Leaf Nodes do not have any child. They perform some computation and return a state value. There are two types of Leaf Nodes:
- Conditions: A condition node checks whether a certain condition has been met or not. The node must have a target variable and a criteria to base the decision. They can only return SUCCESS or FAILURE.
- Actions: An action node performs computations to change the agent state. They return SUCCESS, FAILURE or RUNNING (while executing the action)
A Composite Node (in RAIN BT known as Decision nodes) can have one or more children. The node is responsible to propagate the tick signal to its children, respecting some order.

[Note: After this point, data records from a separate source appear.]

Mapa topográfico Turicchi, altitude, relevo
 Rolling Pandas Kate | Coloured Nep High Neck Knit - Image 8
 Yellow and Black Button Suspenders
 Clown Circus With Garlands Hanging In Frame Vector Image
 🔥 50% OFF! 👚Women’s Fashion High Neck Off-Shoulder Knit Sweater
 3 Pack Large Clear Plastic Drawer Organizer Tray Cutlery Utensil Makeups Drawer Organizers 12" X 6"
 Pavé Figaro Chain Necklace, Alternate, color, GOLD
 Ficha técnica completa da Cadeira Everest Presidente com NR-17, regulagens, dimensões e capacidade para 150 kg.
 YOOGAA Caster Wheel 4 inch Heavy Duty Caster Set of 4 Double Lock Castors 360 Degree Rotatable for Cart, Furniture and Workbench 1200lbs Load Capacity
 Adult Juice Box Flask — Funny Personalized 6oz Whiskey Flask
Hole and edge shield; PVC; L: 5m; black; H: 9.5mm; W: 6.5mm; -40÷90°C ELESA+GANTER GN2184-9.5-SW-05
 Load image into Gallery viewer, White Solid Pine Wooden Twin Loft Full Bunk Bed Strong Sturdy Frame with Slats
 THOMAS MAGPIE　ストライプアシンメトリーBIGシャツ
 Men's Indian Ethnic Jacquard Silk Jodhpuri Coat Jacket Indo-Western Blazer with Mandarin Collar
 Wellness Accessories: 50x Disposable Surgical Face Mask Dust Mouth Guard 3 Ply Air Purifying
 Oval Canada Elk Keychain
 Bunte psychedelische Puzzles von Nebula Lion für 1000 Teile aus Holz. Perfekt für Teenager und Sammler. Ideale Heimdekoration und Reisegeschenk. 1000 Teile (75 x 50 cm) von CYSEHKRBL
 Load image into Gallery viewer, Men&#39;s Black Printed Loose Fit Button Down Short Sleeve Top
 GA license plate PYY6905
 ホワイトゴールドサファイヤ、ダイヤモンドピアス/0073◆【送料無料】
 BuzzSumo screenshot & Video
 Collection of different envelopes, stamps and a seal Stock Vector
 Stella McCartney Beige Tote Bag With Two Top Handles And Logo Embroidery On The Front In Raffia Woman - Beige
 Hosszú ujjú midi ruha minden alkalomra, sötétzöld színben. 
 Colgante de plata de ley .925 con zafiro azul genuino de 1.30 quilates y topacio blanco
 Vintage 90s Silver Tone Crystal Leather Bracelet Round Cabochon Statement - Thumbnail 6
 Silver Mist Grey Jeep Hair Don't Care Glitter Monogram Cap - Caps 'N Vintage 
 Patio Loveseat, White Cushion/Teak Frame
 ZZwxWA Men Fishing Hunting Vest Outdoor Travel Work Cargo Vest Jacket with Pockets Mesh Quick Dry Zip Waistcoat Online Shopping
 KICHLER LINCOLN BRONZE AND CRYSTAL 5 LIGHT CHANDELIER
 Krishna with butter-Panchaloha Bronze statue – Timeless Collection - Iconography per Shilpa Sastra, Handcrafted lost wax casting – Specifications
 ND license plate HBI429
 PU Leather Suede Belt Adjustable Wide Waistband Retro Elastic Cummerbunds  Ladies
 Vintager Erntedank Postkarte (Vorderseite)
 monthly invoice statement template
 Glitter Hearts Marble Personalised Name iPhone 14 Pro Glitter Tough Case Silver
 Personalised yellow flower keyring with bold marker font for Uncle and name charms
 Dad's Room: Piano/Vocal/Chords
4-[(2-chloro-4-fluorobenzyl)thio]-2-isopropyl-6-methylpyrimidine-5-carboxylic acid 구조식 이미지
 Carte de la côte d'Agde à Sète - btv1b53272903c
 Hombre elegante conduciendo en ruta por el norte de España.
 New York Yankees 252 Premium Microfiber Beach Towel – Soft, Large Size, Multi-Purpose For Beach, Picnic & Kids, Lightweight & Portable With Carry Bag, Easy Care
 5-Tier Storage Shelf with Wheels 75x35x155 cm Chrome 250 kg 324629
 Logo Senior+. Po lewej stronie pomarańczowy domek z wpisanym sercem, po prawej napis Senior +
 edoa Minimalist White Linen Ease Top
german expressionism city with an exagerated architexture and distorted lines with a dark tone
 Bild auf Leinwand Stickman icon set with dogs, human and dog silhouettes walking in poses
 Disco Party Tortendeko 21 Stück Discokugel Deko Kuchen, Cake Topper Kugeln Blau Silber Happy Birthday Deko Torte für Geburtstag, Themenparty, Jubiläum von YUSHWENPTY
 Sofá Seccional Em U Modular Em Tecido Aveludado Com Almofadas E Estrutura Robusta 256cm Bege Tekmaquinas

There are several types of Composite nodes:
- Selector (aka Priority): A selector node ticks its children sequentially until one of them returns SUCCESS, RUNNING or ERROR. If all children return the failure state, the priority also returns FAILURE. Use selector nodes when you need it to execute nodes until it returns a success on one (for example, if first task returns FAILURE, it moves to second task, and so on).
- Sequence: A sequence node ticks its children sequentially until one of them returns FAILURE, RUNNING or ERROR. If all children return the success state, the sequence also returns SUCCESS. Use sequence nodes when you need tasks to execute successfully one after the other until one fails (for example, to get to the third task, the previous two tasks have to return SUCCESS).
- Parallel: The parallel node ticks all children at the same time, allowing them to work in parallel. This node is a way to use concurrency in Behavior Trees. Notice that, using this node, the parallelization is contained locally, avoiding losing control of the execution flow as happens on the FSM. Parallel nodes return SUCCESS if the number of succeeding children is larger than a local constant S (this constant may be different for each parallel node); return FAILURE if the number of failing children is larger than a local constant F; or return RUNNING otherwise.
Decorators are special nodes that can have only a single child. The goal of the decorator is to change the behavior of the child by manipulating the returning value or changing its ticking frequency.